Just as we warned was very likely last Friday, KBIO is going full Volkwsagen up another 150% today alone (up from $1 last Wednesday to over $45 today), the stock has just been halted halted again halted for the 3rd time.
Here is what we said may be happening:
In other words, Shkreli's consortium had acquired 70% of the company, and should they decide to pull the borrow, on the odd chance that the short interest had soared to above 30%, KBIO - which until a few days ago - suddenly has the potential to become the next Volkswagen: a company which has more shares short than there is float available to cover them.
And, as of today, it appears to be happening just as previewed:
From 44c to $45.82 in a week...
— Eric Scott Hunsader (@nanexllc) November 23, 2015
It seems we were spot on:
What happens if Shkreli's plan is indeed to rerun the "Volkswagen" scenario and unleash an epic short squeeze that sends the price of the company into the stratosphere, unlinked from any fundamentals, but merely soaring ever higher as desperate shorts pay any price just to get out.

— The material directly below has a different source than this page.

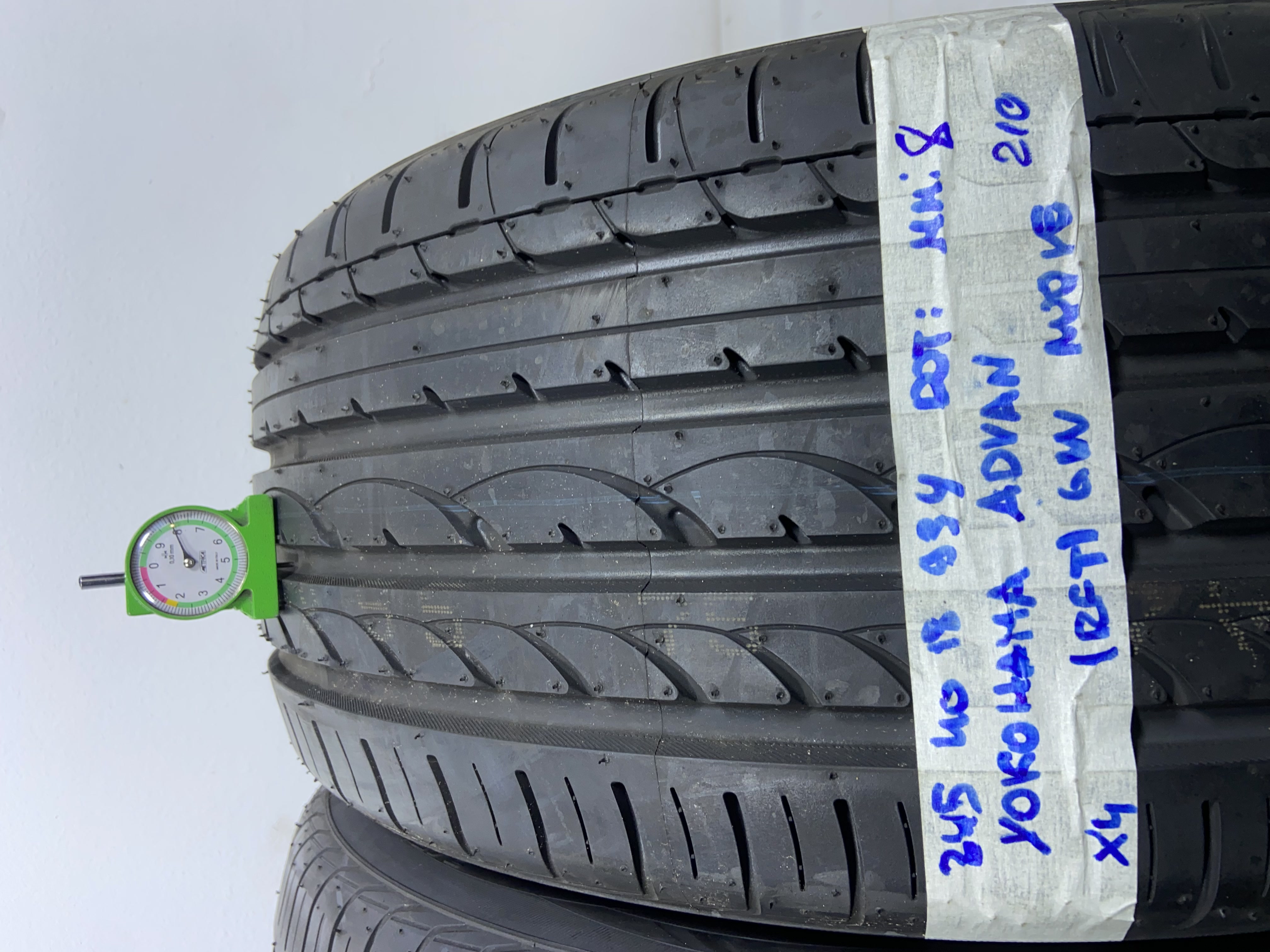 YOKOHAMA . 245/40 R18 99Y ESTIVA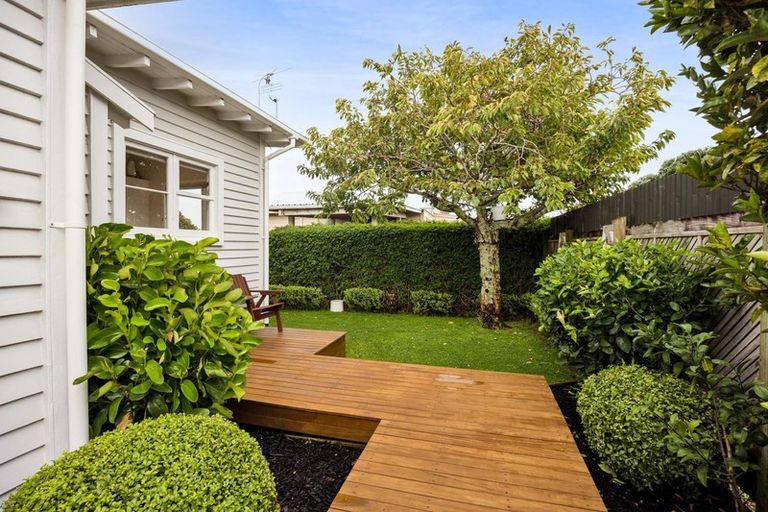 Photo of property in 211 Coronation Avenue, Welbourn, New Plymouth, 4310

We hope to find out as suddenly this until recently bankrupt company whose price has exploded in the past two days, has become not only a poster child for everything broken and manipulated with the market (think 2014's CYNK one year forward) but has the market following with morbid to find out how the tragicomedy of "Shkreli vs the Shorters" concludes.
And here is the punchline: According to Markit, the short interest of float is now 38% up from just 5.7% on November 13!
Why is this a problem?
Because Shrekli's investor "group" bought 70% of the company stock. If they pull the borrow and demand delivery, there will simply not be enough shares outstanding to satisfy all shorts, leading to, drumroll, the next Volkswagen.
So is this next for the recently bankrupt company?